In an interview, the director Miller said "I quit the film twice and Jack [Nicholson] held me in there," said Miller. "He said, 'Just sit down, lose your emotion, and have a look at the work. If you think the work is good, stick with the film.' And he was a great man. I learnt more from him than anybody else I've worked with - he was extraordinary." Nicholson also coached Miller to exaggerate his needs during the production, asking for 300 extras when he only needed 150, knowing that his producers would give him less than he requested.
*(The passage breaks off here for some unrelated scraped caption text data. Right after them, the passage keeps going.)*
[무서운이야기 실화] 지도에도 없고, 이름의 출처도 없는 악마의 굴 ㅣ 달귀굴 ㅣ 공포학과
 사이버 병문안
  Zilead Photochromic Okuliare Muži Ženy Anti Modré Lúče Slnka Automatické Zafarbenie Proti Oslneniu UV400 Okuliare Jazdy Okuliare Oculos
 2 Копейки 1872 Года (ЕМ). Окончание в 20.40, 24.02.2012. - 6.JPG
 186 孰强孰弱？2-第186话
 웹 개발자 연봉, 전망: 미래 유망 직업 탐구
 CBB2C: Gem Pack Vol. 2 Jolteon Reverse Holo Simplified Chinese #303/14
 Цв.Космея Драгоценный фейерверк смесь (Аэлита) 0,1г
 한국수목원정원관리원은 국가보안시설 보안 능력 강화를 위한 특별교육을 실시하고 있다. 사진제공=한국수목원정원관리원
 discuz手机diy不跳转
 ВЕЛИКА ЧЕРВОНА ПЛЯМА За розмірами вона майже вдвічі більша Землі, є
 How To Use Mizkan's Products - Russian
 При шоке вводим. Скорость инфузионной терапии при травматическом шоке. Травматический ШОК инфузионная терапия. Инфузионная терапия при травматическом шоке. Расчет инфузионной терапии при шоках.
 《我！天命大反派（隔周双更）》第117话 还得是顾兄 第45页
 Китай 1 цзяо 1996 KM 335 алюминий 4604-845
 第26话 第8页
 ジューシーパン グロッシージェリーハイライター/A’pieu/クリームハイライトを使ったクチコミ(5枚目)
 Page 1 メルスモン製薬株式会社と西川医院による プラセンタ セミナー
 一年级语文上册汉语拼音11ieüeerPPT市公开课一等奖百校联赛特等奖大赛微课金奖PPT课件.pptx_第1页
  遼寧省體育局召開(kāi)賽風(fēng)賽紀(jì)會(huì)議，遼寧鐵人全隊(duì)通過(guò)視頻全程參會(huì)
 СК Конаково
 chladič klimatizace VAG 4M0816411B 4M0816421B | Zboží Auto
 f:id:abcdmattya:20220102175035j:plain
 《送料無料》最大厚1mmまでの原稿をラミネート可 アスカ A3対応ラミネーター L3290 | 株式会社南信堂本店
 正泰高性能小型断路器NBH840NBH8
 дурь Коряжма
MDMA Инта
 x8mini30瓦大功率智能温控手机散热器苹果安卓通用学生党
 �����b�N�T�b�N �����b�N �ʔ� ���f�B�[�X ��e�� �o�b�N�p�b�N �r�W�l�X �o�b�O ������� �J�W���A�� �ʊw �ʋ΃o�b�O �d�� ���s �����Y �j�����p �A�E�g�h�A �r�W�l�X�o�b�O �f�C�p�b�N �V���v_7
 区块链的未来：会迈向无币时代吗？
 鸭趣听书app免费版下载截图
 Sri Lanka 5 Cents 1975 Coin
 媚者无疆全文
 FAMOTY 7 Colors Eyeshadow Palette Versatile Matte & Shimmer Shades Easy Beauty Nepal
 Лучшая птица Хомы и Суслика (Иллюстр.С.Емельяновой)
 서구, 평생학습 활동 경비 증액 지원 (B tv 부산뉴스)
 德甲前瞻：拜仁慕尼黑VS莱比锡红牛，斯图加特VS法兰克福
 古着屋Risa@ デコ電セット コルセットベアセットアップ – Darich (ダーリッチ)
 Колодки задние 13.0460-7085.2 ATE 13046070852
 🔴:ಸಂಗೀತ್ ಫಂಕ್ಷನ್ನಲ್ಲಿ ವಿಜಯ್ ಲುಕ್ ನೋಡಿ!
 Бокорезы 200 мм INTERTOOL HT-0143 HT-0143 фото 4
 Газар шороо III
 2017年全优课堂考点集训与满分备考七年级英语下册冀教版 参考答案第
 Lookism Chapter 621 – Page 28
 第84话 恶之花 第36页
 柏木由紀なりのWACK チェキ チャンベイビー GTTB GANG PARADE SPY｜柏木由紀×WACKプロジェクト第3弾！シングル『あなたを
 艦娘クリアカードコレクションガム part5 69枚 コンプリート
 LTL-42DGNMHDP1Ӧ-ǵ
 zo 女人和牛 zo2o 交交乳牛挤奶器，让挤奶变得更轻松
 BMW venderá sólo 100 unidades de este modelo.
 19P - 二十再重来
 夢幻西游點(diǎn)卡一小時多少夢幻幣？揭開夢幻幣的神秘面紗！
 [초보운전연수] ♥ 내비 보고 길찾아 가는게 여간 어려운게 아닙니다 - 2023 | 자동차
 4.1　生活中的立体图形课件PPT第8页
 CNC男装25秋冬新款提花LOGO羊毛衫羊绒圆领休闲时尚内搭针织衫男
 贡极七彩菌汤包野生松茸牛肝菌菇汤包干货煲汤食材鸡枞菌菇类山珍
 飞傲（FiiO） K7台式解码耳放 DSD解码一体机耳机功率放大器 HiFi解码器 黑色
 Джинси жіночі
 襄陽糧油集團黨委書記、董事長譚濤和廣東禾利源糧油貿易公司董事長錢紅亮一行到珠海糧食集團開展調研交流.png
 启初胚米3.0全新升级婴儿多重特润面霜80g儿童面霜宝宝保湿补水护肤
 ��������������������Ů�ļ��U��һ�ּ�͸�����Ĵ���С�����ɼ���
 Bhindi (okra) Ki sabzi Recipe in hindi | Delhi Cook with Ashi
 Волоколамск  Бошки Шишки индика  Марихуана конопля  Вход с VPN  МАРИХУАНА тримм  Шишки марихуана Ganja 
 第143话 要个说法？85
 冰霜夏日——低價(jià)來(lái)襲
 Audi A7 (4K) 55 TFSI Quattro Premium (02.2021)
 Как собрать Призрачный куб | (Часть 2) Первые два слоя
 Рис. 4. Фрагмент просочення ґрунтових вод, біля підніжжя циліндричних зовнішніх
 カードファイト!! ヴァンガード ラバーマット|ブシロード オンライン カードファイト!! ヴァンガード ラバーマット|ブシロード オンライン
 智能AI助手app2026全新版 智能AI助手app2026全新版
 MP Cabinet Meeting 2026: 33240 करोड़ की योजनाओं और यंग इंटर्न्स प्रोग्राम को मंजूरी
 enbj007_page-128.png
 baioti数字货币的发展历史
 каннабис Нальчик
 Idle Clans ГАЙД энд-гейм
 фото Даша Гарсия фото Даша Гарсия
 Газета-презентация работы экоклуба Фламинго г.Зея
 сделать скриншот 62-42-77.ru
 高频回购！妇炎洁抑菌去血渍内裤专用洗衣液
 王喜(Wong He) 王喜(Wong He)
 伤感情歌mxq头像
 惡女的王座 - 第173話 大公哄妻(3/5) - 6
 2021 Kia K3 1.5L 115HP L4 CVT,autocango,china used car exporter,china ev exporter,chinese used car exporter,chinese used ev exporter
Prior to filming, a small carving shop led by woodcarver Paul McCarthy was commissioned to hand-carve all the wooden signs for the businesses shown in the film, including the newspaper where Michelle Pfeiffer's character worked – The Eastwick Word.

An award-winning documentary film called When the Witches Came to Town goes behind the scenes of the making of The Witches of Eastwick in Cohasset, Massachusetts, during the summer of 1986.

===Music===
The musical score for The Witches of Eastwick was composed and conducted by John Williams. A soundtrack album was released by Warner Bros. Records in 1987.

==Reception==
===Box office===
The film grossed $63.8 million in the United States and Canada. By November 30, 1987, it had grossed $39.4 million internationally, for a worldwide total of over $103 million.

===Critical response===
The film received mixed reviews upon release. On the review aggregator website Rotten Tomatoes, the film holds an approval rating of 67% based on 93 reviews, with an average rating of 6.4/10. The website's critics consensus reads, "While devotees of John Updike's novel may want to put a hex on George Miller's cartoonish and effects-laden adaptation, Jack Nicholson lends enough decadent devilry to make this high-concept comedy sizzle." Metacritic, which uses a weighted average, assigned the film a score of 67 out of 100, based on 11 critics, indicating "generally favorable" reviews. Audiences polled by CinemaScore gave the film an average grade of "B+" on an A+ to F scale.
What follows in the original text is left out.